* **The problem**
Start at the line holding "未镶嵌颈饰玛瑙/玉髓悠*". Write out that line and each one after it to the end of the data, unchanged.

* **Supplied entries**
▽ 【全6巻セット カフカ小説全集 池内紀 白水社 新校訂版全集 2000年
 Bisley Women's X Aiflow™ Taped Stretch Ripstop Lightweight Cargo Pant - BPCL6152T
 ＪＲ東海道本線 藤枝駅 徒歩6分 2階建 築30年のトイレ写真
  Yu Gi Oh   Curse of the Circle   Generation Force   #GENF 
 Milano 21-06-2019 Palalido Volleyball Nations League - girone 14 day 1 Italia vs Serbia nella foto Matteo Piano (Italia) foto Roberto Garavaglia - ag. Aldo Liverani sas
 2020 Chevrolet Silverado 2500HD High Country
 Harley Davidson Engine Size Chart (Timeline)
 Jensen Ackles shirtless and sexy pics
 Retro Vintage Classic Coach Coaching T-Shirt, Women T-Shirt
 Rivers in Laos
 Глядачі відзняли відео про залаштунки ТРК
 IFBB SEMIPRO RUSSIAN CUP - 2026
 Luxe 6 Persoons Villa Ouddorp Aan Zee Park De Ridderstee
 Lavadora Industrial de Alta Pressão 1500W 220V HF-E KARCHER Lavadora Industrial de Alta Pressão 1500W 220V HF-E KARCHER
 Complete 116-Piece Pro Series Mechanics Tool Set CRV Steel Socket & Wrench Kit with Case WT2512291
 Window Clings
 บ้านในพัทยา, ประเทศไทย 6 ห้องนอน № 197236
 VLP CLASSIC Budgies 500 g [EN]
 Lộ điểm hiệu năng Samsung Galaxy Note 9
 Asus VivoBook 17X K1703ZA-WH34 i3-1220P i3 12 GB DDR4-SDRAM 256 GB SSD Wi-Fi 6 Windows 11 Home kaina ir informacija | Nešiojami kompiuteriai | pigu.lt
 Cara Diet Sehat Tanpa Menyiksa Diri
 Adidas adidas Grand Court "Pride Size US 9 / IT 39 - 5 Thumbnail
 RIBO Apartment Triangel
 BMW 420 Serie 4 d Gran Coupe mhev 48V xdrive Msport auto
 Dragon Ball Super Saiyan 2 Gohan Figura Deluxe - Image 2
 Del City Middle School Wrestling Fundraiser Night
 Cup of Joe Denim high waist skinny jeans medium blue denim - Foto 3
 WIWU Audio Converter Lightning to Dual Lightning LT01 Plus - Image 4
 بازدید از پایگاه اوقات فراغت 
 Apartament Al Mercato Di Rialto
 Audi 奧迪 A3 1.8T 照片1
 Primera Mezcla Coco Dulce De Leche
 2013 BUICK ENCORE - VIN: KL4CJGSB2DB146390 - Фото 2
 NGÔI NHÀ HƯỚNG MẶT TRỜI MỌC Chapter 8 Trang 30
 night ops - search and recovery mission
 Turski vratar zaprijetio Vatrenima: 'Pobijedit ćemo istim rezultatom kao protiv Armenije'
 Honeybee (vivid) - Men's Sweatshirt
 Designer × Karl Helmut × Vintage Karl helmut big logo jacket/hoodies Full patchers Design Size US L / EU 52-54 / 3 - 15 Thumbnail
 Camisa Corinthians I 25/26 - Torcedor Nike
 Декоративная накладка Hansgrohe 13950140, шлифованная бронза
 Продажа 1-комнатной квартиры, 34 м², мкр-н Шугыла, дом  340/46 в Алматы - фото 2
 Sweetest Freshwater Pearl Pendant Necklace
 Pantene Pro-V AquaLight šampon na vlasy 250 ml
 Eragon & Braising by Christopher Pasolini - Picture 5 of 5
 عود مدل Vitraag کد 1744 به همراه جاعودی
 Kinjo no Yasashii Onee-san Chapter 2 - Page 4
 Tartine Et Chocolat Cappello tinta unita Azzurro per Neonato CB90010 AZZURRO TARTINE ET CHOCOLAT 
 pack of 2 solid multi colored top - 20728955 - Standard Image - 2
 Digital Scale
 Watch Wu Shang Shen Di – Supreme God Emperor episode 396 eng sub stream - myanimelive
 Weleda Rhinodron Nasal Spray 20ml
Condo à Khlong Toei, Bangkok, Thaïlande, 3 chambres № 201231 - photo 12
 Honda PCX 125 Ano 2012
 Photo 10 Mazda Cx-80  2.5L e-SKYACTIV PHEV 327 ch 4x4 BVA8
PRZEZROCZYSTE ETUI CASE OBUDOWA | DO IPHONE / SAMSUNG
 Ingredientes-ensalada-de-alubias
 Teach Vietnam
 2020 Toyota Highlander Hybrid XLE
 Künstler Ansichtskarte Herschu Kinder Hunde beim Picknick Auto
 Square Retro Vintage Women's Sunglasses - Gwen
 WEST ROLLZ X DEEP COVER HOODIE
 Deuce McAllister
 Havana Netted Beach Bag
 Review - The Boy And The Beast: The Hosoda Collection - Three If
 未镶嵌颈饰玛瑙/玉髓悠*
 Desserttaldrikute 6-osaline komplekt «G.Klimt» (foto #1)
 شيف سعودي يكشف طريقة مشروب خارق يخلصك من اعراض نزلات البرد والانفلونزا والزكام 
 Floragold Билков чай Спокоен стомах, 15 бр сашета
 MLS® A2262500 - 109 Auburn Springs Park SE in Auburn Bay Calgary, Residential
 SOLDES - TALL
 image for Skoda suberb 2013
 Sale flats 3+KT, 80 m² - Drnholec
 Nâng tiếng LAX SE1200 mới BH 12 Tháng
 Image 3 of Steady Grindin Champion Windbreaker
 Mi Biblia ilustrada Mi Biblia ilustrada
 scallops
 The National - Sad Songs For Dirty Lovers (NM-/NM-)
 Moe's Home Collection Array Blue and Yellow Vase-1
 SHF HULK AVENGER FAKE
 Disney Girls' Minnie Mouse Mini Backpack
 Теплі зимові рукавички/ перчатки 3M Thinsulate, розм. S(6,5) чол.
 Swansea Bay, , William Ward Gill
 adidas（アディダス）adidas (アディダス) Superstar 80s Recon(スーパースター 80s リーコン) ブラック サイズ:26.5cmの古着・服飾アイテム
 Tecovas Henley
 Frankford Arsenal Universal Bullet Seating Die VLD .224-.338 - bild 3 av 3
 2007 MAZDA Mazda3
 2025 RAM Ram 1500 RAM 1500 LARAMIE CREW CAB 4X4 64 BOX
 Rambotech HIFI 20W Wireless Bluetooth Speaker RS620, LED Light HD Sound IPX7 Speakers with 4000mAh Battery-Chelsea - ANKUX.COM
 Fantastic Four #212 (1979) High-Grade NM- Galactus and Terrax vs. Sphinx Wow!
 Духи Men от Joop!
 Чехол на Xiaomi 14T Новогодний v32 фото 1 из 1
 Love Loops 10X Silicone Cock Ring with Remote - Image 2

* **Output for this exercise**
 未镶嵌颈饰玛瑙/玉髓悠*
 Desserttaldrikute 6-osaline komplekt «G.Klimt» (foto #1)
 شيف سعودي يكشف طريقة مشروب خارق يخلصك من اعراض نزلات البرد والانفلونزا والزكام 
 Floragold Билков чай Спокоен стомах, 15 бр сашета
 MLS® A2262500 - 109 Auburn Springs Park SE in Auburn Bay Calgary, Residential
 SOLDES - TALL
 image for Skoda suberb 2013
 Sale flats 3+KT, 80 m² - Drnholec
 Nâng tiếng LAX SE1200 mới BH 12 Tháng
 Image 3 of Steady Grindin Champion Windbreaker
 Mi Biblia ilustrada Mi Biblia ilustrada
 scallops
 The National - Sad Songs For Dirty Lovers (NM-/NM-)
 Moe's Home Collection Array Blue and Yellow Vase-1
 SHF HULK AVENGER FAKE
 Disney Girls' Minnie Mouse Mini Backpack
 Теплі зимові рукавички/ перчатки 3M Thinsulate, розм. S(6,5) чол.
 Swansea Bay, , William Ward Gill
 adidas（アディダス）adidas (アディダス) Superstar 80s Recon(スーパースター 80s リーコン) ブラック サイズ:26.5cmの古着・服飾アイテム
 Tecovas Henley
 Frankford Arsenal Universal Bullet Seating Die VLD .224-.338 - bild 3 av 3
 2007 MAZDA Mazda3
 2025 RAM Ram 1500 RAM 1500 LARAMIE CREW CAB 4X4 64 BOX
 Rambotech HIFI 20W Wireless Bluetooth Speaker RS620, LED Light HD Sound IPX7 Speakers with 4000mAh Battery-Chelsea - ANKUX.COM
 Fantastic Four #212 (1979) High-Grade NM- Galactus and Terrax vs. Sphinx Wow!
 Духи Men от Joop!
 Чехол на Xiaomi 14T Новогодний v32 фото 1 из 1
 Love Loops 10X Silicone Cock Ring with Remote - Image 2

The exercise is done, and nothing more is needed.